7482. Trading

 

Along the Almaty - Taraz highway, there are n villages, numbered from 1 to n. With the arrival of winter, m unknown traders brought knitted hats from a certain aul and began selling them in these villages.

The traders follow two principles:

·        They do not sell in the same place for more than one day.

·        Each day, they increase the price of a hat.

 

More formally, each i-th trader:

·        Starts selling in village l_i with an initial price of x_i per hat.

·        Moves to a neighboring village each day: if they sold in village j yesterday, they sell in village j + 1 today.

·        Increases the price by 1 each day: if the price was x yesterday, today it is x + 1.

·        Finishes selling in village r_i (including selling in r_i on the last day).

For each village, determine the maximum price of a single hat throughout the entire trading history.

 

Input. The first line contains two integers n (1 ≤ n ≤ 3 * 10⁵) and m (1 ≤ m ≤ 3 * 10⁵) – the number of villages and the number of traders, respectively.

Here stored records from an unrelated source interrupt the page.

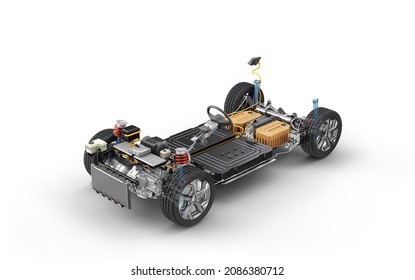 Electric Car Under Carriage Chassis. All Main Details Of EV System, On White Background. 3D Rendering.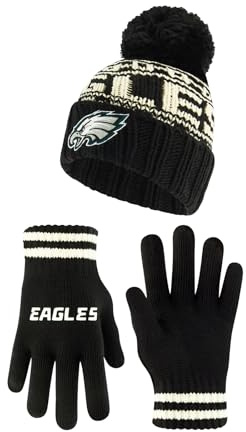 Ultra Game Adults NFL Official Super Soft Cable Knit Winter Beanie Knit Hat with Warm Touch Screen Gloves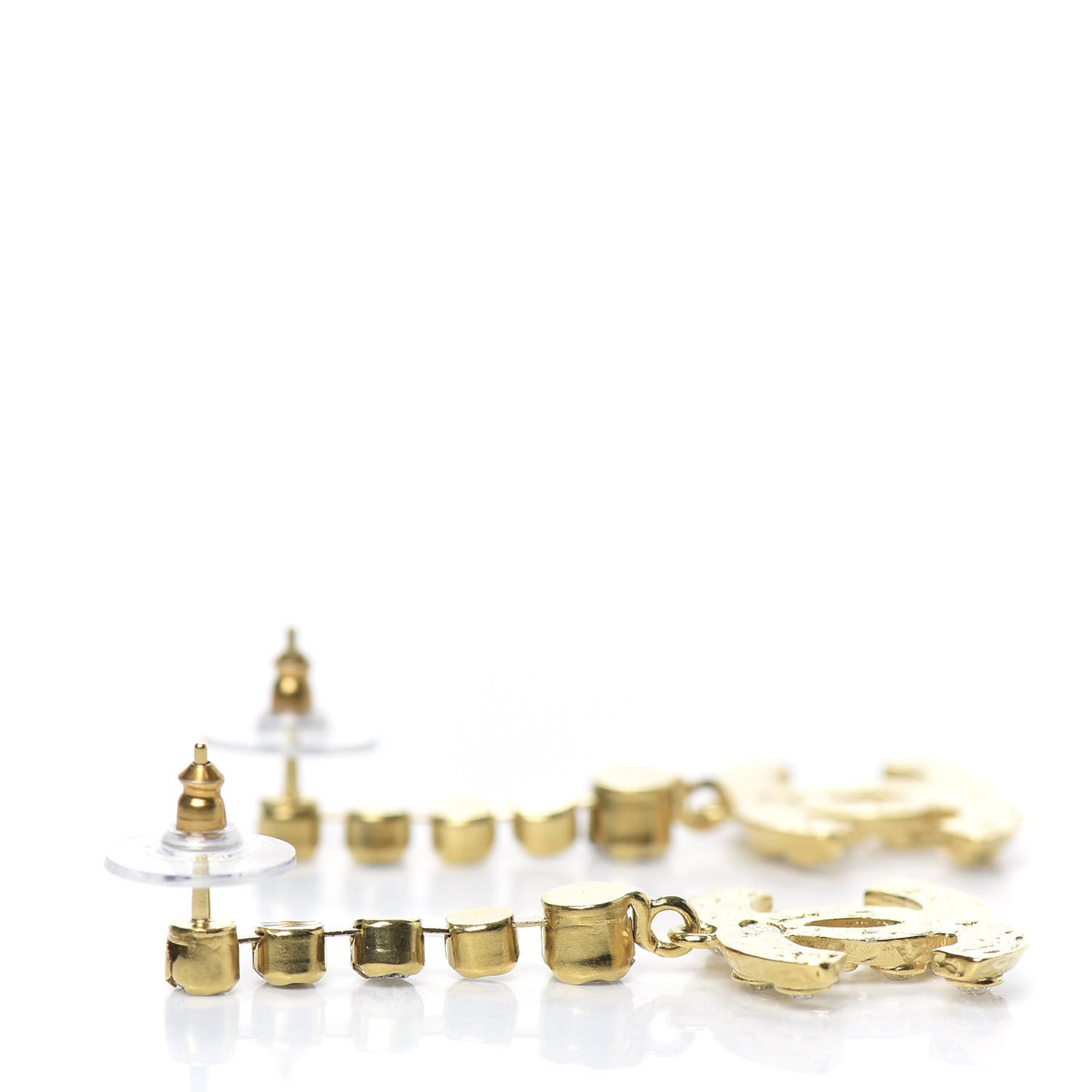 CC Crystal Drop Earrings Gold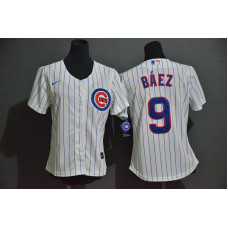 Women's Chicago Cubs #9 Javier Baez White Stitched Cool Base Jersey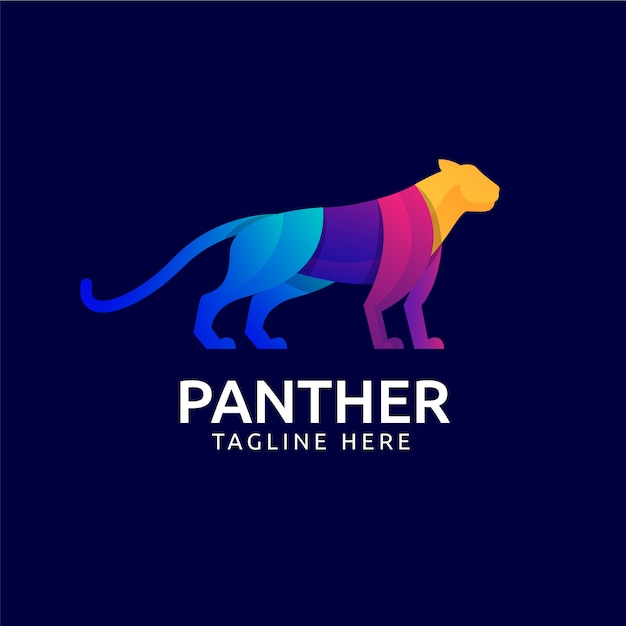 Free vector gradient panther logo template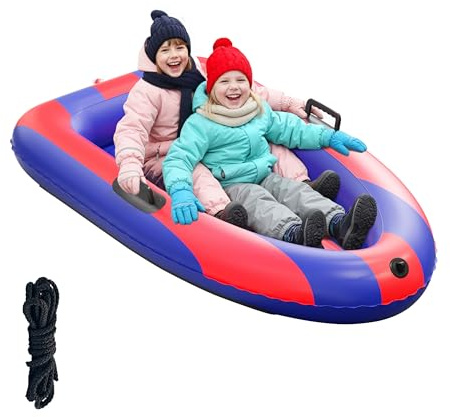 QPAU Inflatable Snow Sled, Heavy Duty Snow Tube with Reinforced Handles, Snow Sleds for Kids and Adults Winter Toys Gifts, Toboggan for Family Outdoor Sledding
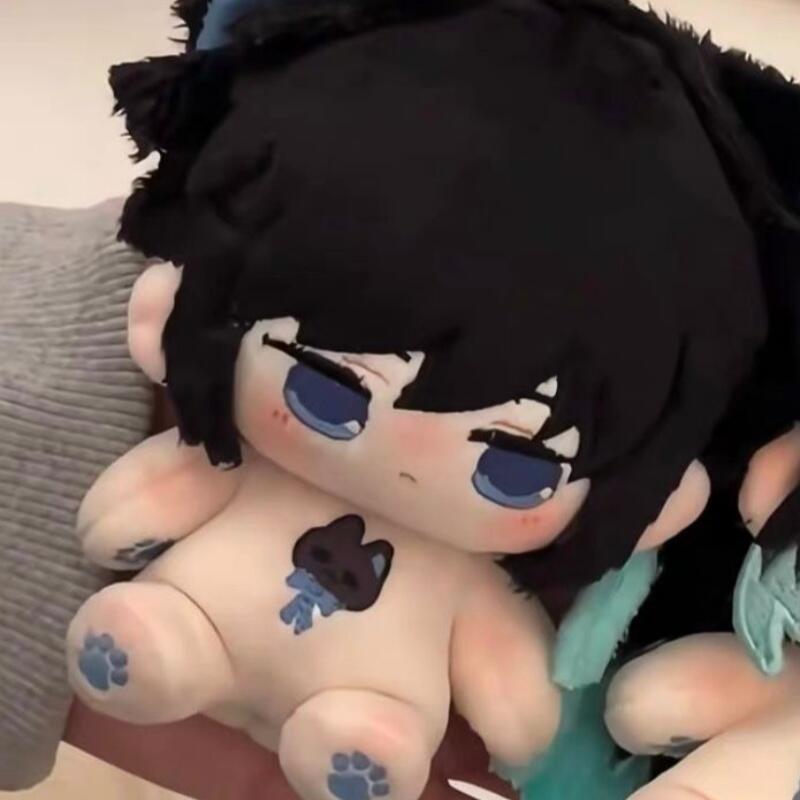 Japanese Anime Demon Slayer Facial Embroidery Cute Plush Naked Doll Bedroom Bedside Table Decoration Anime Enthusiast Collection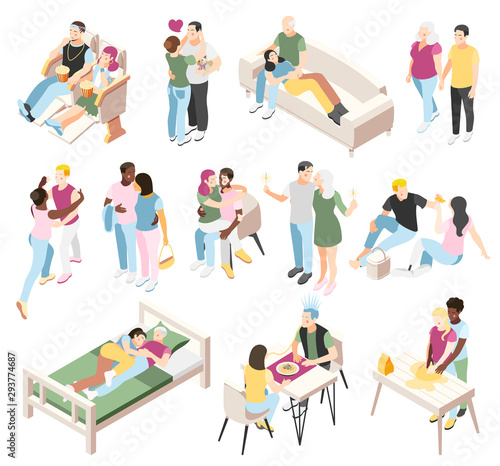 Different Couples Isometric Icons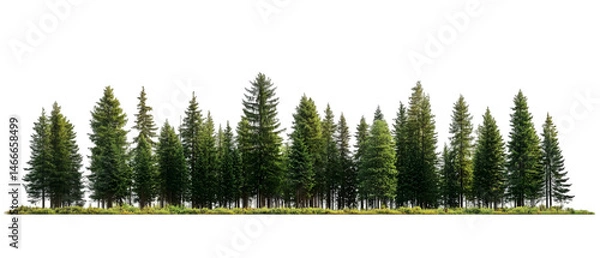 Fototapeta pine forest isolated on white background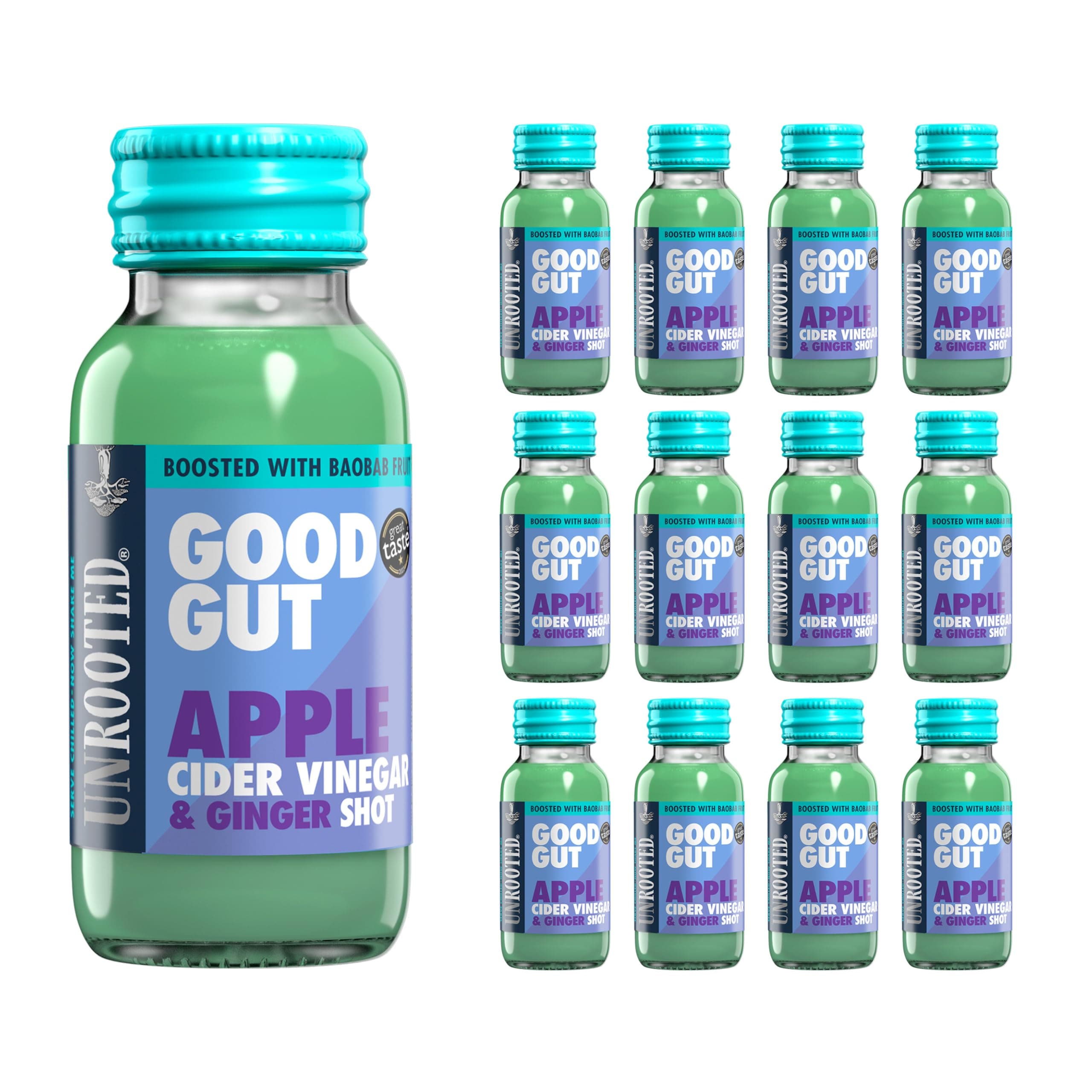 GOOD GUT Apple Cider Vinegar, Ginger & Baobab Gut Health Shots – Detox & Anti Inflammation, Boosted with Spirulina, Coconut Water & Baobab, Daily Shot Multipack 12 x 60ml Bottles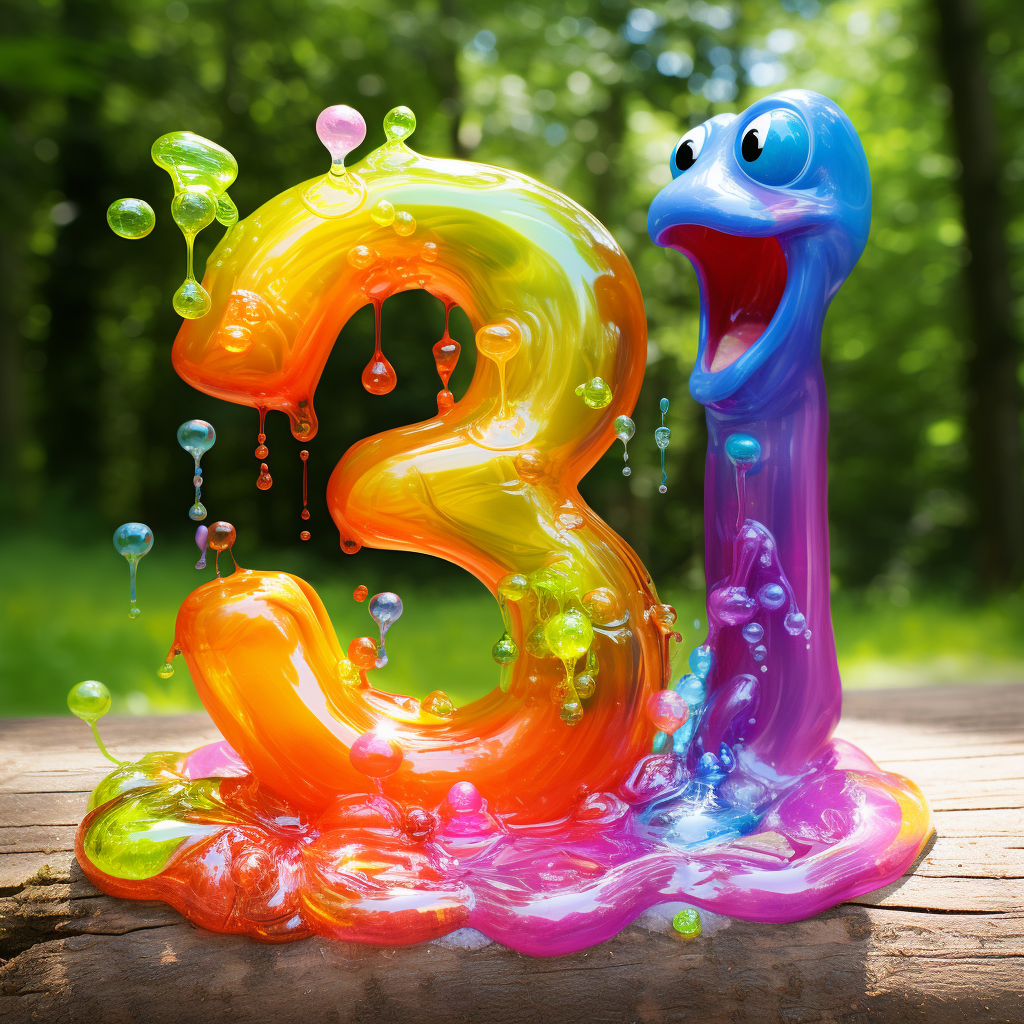 Colorful slime letters spelling  Slip The Slime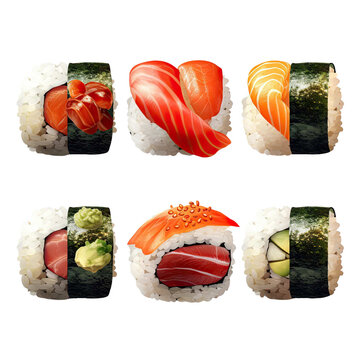Sushi isolated on transparent background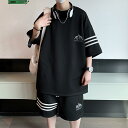 セットアップ メンズ 普段使い 半袖Tシャツ ハーフパンツ ブラック ストライプ ロゴ 夏 涼感 カジュアル ゆったり シンプル上下セット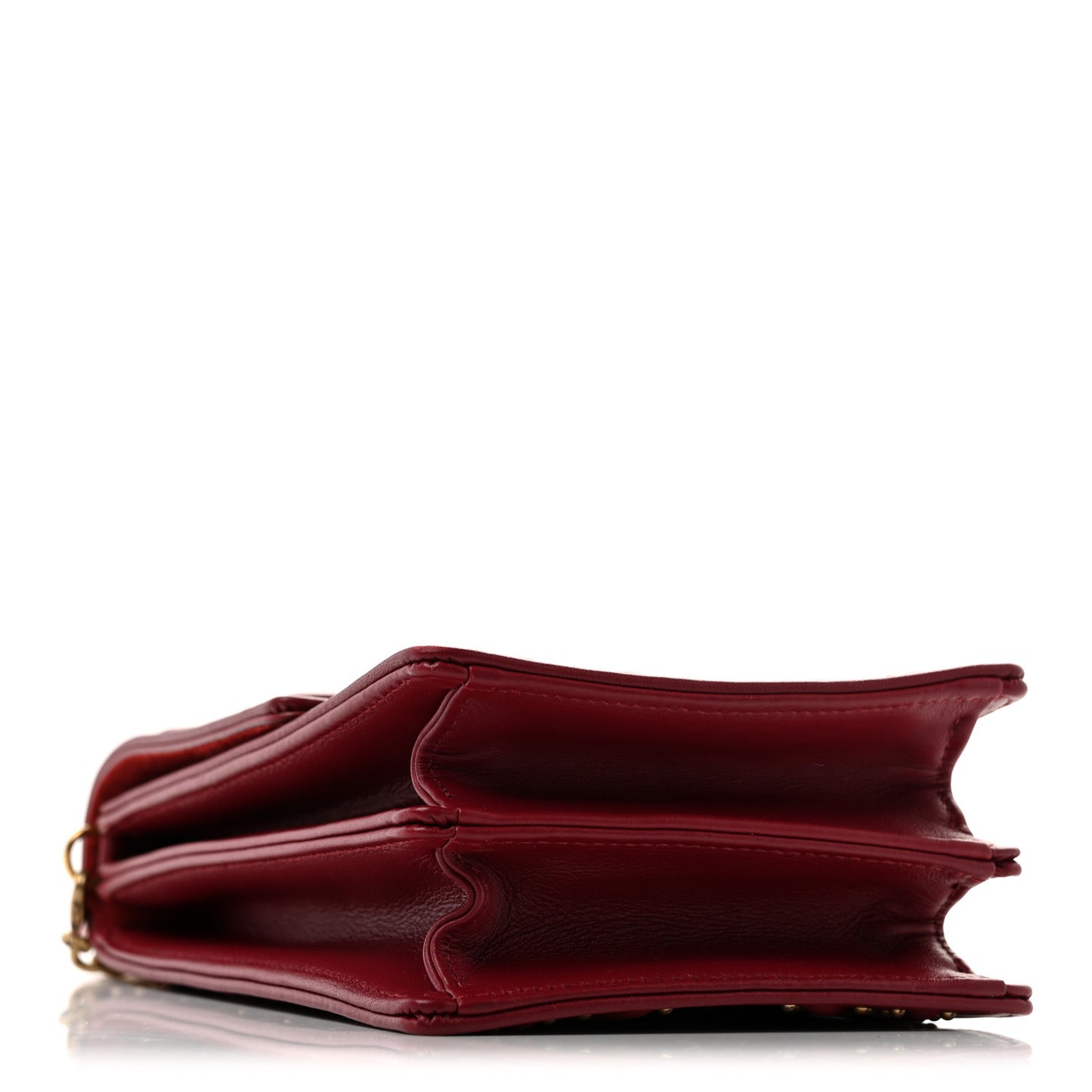 Lambskin Studded Vertical Diorama Spicy Red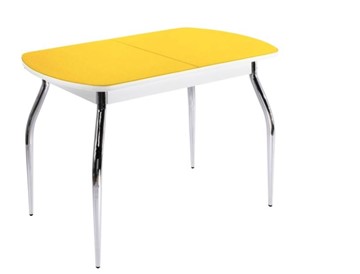 Кухонный раскладной стол ПГ-07 СТ2, белое/желтое стекло/35 хром гнутые металл в Биробиджане
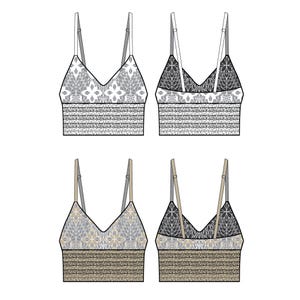 May include: Four camisole top designs are displayed. Each top has adjustable straps and a V-neck. The bodice features a floral pattern, and the lower section has a ribbed texture. The colour palette includes grey, black, and beige.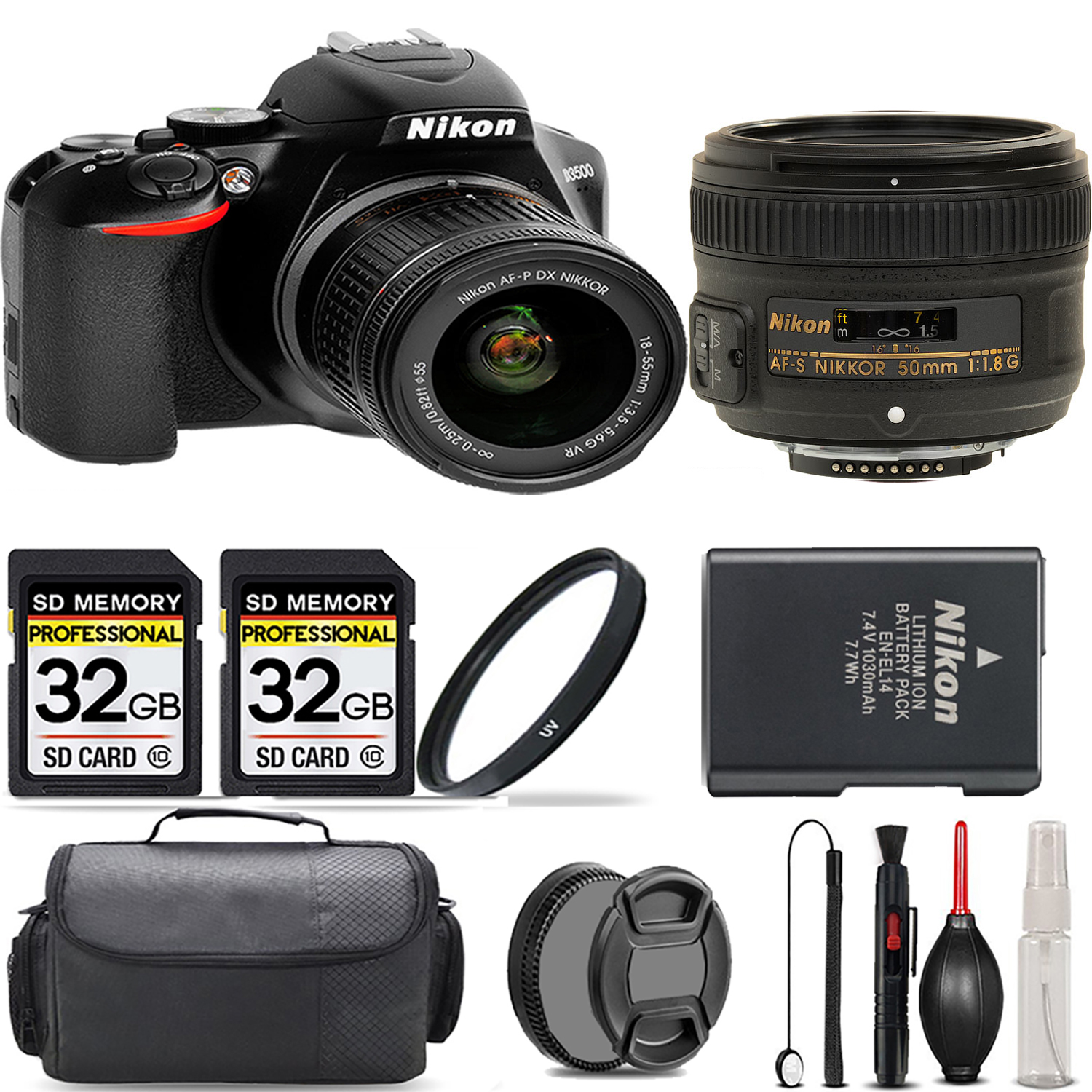 D3500 Camera with 18-55mm Lens + 50mm + UV Filter + 64GB  & More! *FREE SHIPPING*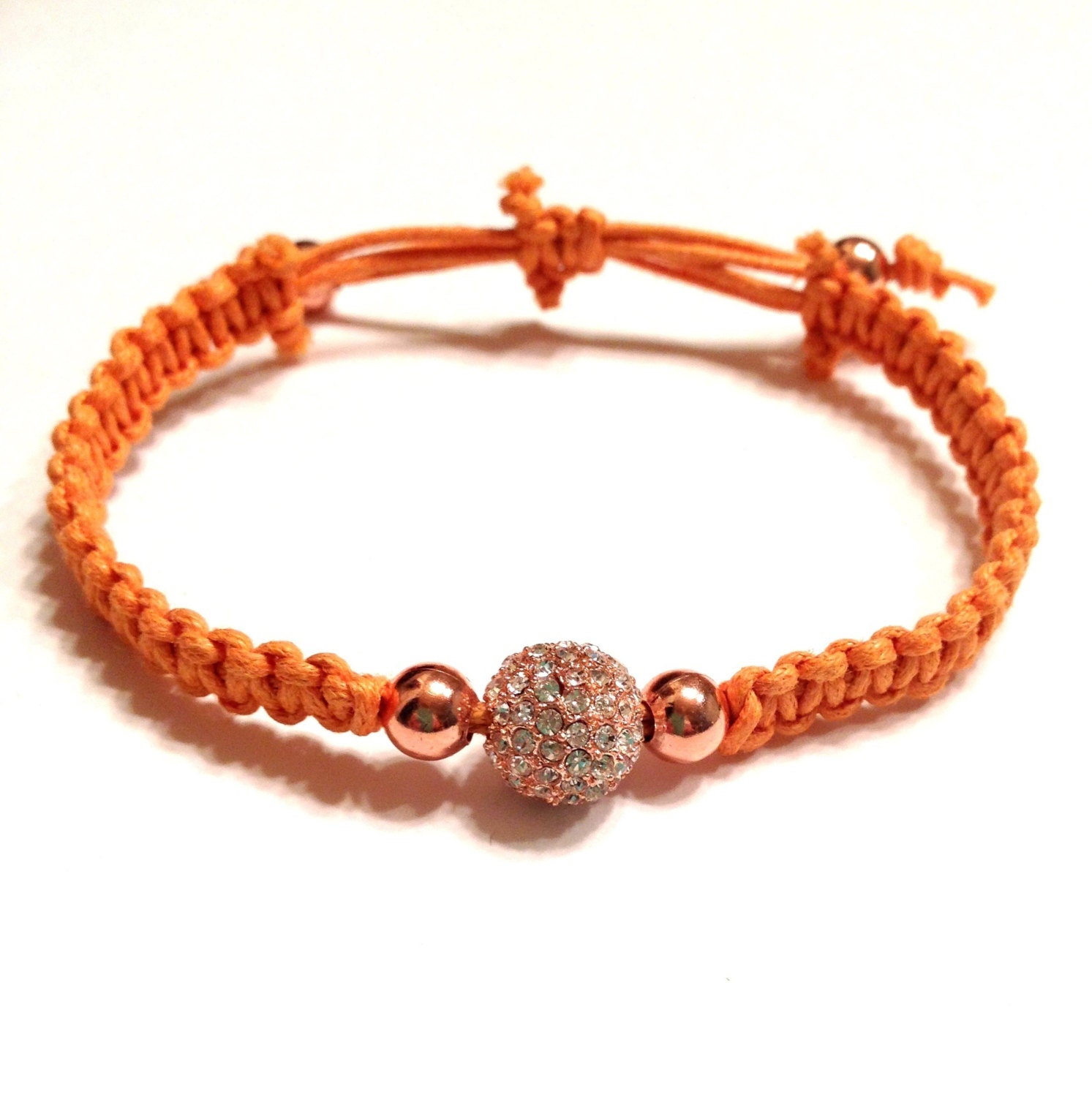 Orange Citrus Macramé Rose Gold Rhinestone Pave Beaded Bracelet Arm Candy Jewelry Stackable Dollar Shipping Party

The next m lines each contain three integers: l_i, r_i (1 ≤ l_i ≤ r_i ≤ n) and x_i (1 ≤ x_i ≤ 10⁹) – the starting and ending villages, as well as the initial price of a hat for the i-th trader.

 

Output. Print n integers, where the i-th number represents the maximum price of a hat throughout the entire trading history in the i-th village. If no trade took place in a particular village, print 0.

 

Sample inpuut	Sample output
5 2 1 3 2 2 4 6	2 6 7 8 0

 

 

SOLUTION

data structures – segment tree

 

Algorithm analysis

Construct a segment tree over the range [1; n] and initially set all values to zero. Suppose a trader sold hats in villages [l_i; r_i], starting with a price of p_i. Divide the segment [l_i; r_i] into fundamental segments [lx₁; ry₁], [lx₂; ry₂], …, [lx_k; ry_k]. Then, for the node corresponding to the segment [lx_q; ry_q] (1 ≤ q ≤ k), store the value

p_i + the sum of the lengths of the segments [lx_t; ry_t], for all t < q.

 

For example, let n = 5, and the first trade covers the cities numbered from 2 to 5, starting with a price of 4. Then, the segment [2; 5] will be split into fundamental segments: [2; 2], [3; 3], [4; 5]. After processing the first operation, the segment tree will look as follows:

 

If the fundamental segment [a; b] contains the value p, it means that:

·        The trader sold hats in all cities from a to b.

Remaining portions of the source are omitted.